Tag Archives: physics

Lurpak ‘Saturday is Breakfast Day’

Winning two DMA awards back in 2009, I thought I’d give some insight into how the animation effects in this piece were achieved.


I created this microsite for the Lurpak ‘Breakfast’ campaign with the guys at Carlson/Amia. I created all the animation prototypes for the various effects used throughout, some of which can be seen here.

I’m most proud of the crumbs animation and the code-generated interactive steam effect, which you can actually ‘blow on’ to cool down your porridge. Read on to find out how I did that and freaked out the client!

Techie Breakdown

  • Interactive crumbs. 1000 Bitmap objects randomly re-position themselves until they sit around the edge of the bread mask shape. Then animated with simple mouse interactive physics: force, velocity, momentum and friction all tweakable.
  • Interactive steam. Generated Perlin Noise moving through another perlin noise BitmapDisplacementFilter, to which user generated displacement can be applied by painting into the displacement map by tracking mouse movement or microphone activity. This is then all blurred and given slight cut-off with a threshold filter. Worked very well on a laptop, or if a mic/webcam is placed just under the monitor without a user knowing; then, when asked to blow on the porridge, they are delighted with what seems like magic and have no idea how it works – the client loved this.
  • Egg-timer interactive banner. Simple particle system with some physics and a draggable mask.
  • Do Not Disturb tag. Physics-based animation for the swing, for maximum realism. The rest is old-school timeline animated.
  • Fry-up triple banner. The three banners synchronise their object positions/velocities using LocalConnection to find and send updates to each other. I add a Time-To-Live to the data packets to avoid a feedback loop or other problems in case more/fewer versions of the banner are loaded elsewhere in the page.
  • Whisked letters. TextMetrics used to break a TextField into separate letters with code. Then, each letter is animated in a simple 3-D engine I created (basic single point perspective). Hooke’s law physics with momentum used to achieve the swirl motion and the letters are swapped out for a new sentence during the motion.
  • Hang-over breakfast. Just a blurred mask, though I prefer my original version – merging a blurred copy of an image over the original for a more ‘hazy’ look.
  • Other animation. Uses a combination TweenMax, maths and frame-by-frame, e.g. pancakes, bedroom door.

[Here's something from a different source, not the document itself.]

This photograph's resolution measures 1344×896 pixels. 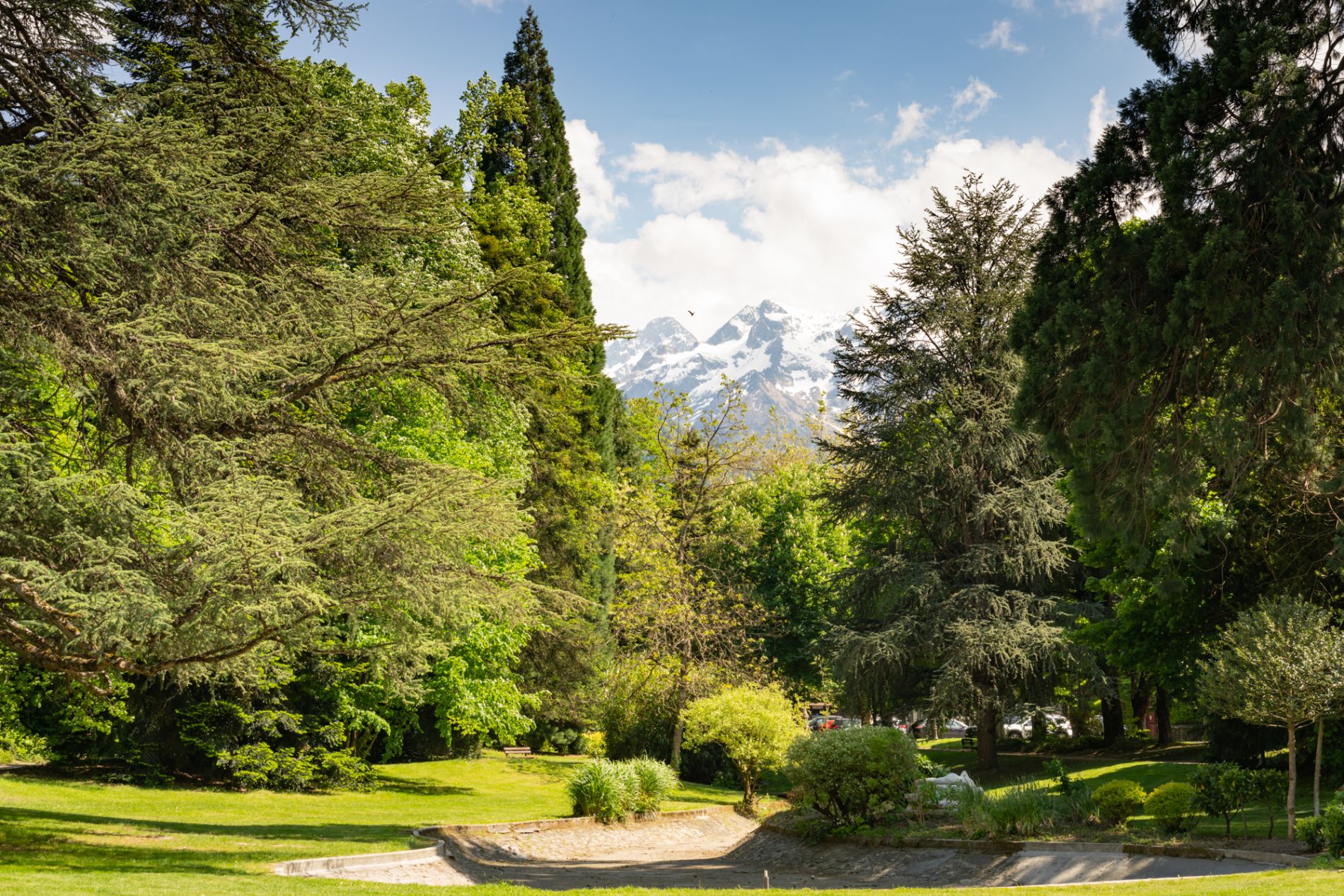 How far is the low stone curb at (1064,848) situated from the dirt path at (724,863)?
0.09m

Mercedes Bend award-winning banner

What I love even more than creating animation: creating challenging code-driven animation.

This banner actually won some awards apparently, including NMA Campaign of the Month and was shortlisted for Cannes Lions.

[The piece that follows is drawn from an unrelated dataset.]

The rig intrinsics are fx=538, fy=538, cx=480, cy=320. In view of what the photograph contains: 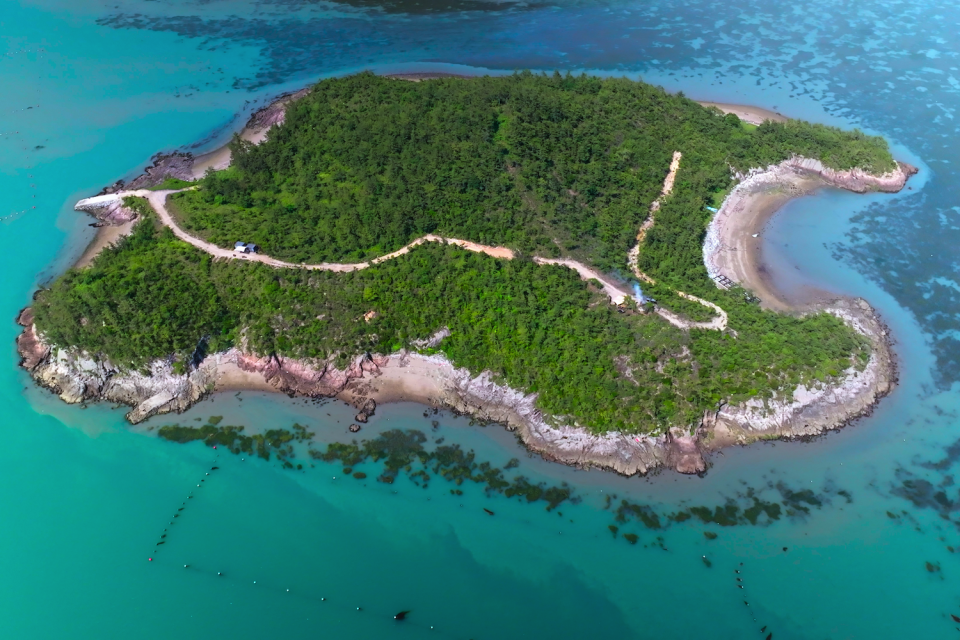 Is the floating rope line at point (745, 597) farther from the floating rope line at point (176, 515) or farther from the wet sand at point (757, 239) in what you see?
the floating rope line at point (176, 515)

For those that want to have a play with it, I tried to resurrect the Flash version using the Ruffle/WebAssembly emulator. On desktop it almost looks perfect. On mobile the cars may go invisible :/

So, here’s a video of the banner running…

How it works

The line dynamics itself is rather basic Hooke’s law physics stuff. But it took some experimentation to get a smooth curve drawn from end to end. Basically, it is a bezier curve and the ‘control points’ of the previous and next control points need to be in line.

The cars follow one of the line’s points with differing elasticity and damping. But the real pain in the backside was drawing the dashed line via code and ‘moving’ the dashes, in crummy early ActionScript (which had no API for programmatic dashed stroke drawing at the time). Luckily, I’m very persistent!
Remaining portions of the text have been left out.